Old structure content
After completing the migration successfully and starting the services, it is recommended that you delete unneeded directories and files including the following:
- The tenant backup files
- The snapshot directory
- The parquet directory
- The
loadTime.log
file
The Versioning Migration Tool log files
By default, the Versioning Migration Tool creates log files in the <installation_path>/IncortaNode
and <installation_path>/IncortaNode/migration
directories. You can use the log files to determine the results of the migration process.
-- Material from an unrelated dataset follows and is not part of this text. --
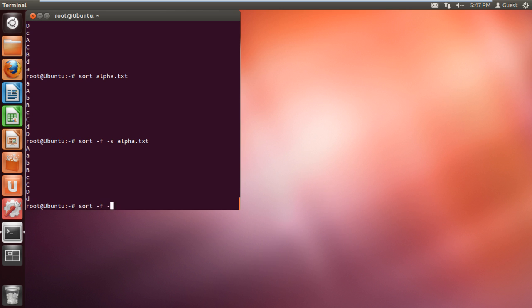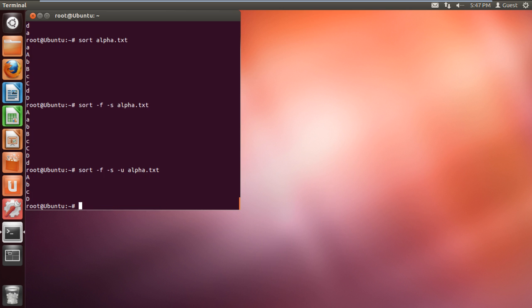For that, we will type the command sort -f -s -u alpha.txt and hit enter. With that done, you can see that now there are no duplicate entries over here.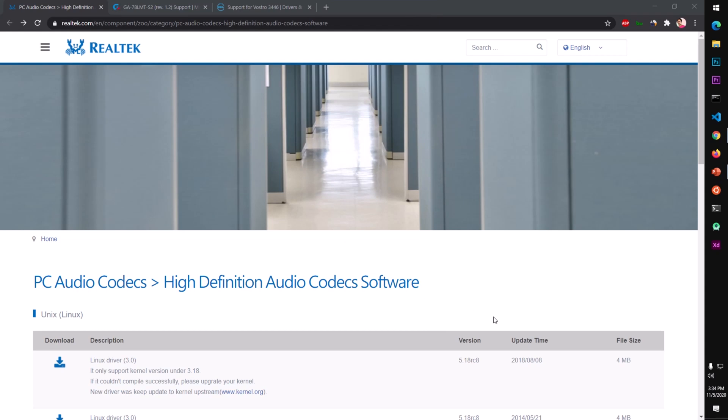Hello and welcome, my name is Amulyan, you are watching Tech Tube. In this video I'm going to show you how to download and install the Realtek HD audio driver for your Windows 10 operating system.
The tool logging configurations are available in the migration-logging.properties
file that exists in the IncortaNode
directory. You can change the default configurations by editing this .properties
file.
While log files created under the IncortaNode
directory start with versioningMigrationTool
as a prefix followed by a timestamp.
Log files created under the migration
directory start with the prefix specified in the migration-logging.properties
file and followed by a timestamp also. The default prefix is incorta-migration
.
Considerations for migrating files between different environments
When migrating shared storage files from one Incorta cluster to another, for example, from User Acceptance Testing (UAT) to Production, you must first copy the parquet (source) folder and then perform a load from staging. Both environments must run an Incorta release that supports file versioning and the copied files should not have records in the FILES_VERSIONS or VERSION_LOCK metadata database tables.
Only copying the ddm
and source
folders from shared storage between the different environments will not have the same result as copying the source
folder and then loading data from staging.
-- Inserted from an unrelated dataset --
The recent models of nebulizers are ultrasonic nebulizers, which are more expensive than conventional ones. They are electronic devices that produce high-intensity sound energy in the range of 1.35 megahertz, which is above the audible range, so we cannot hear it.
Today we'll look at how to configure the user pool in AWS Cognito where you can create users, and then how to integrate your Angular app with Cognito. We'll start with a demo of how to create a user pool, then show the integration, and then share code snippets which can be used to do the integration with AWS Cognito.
The default maxThread value calculation
The Versioning Migration Tool calculates the default maxThread
value based on the following equation:
CPU cores utilization * machine available processors)/100
The CPU cores utilization
initial value is the engine.cpu_cores_utilization
value that exists in the <installation_path>/IncortaNode/services/<service_directory>/incorta/engine.properties
file. However, the tool can use another derived value as follows:
- If the tool does not find the 'engine.cpu_cores_utilization' value, the default is 50.
- If the value is less than 10, the tool will consider it 10.
- If the value is greater than 100, the tool will consider it 100.
If the result of the default maxThread
calculation is less than 1, the default value will be 1.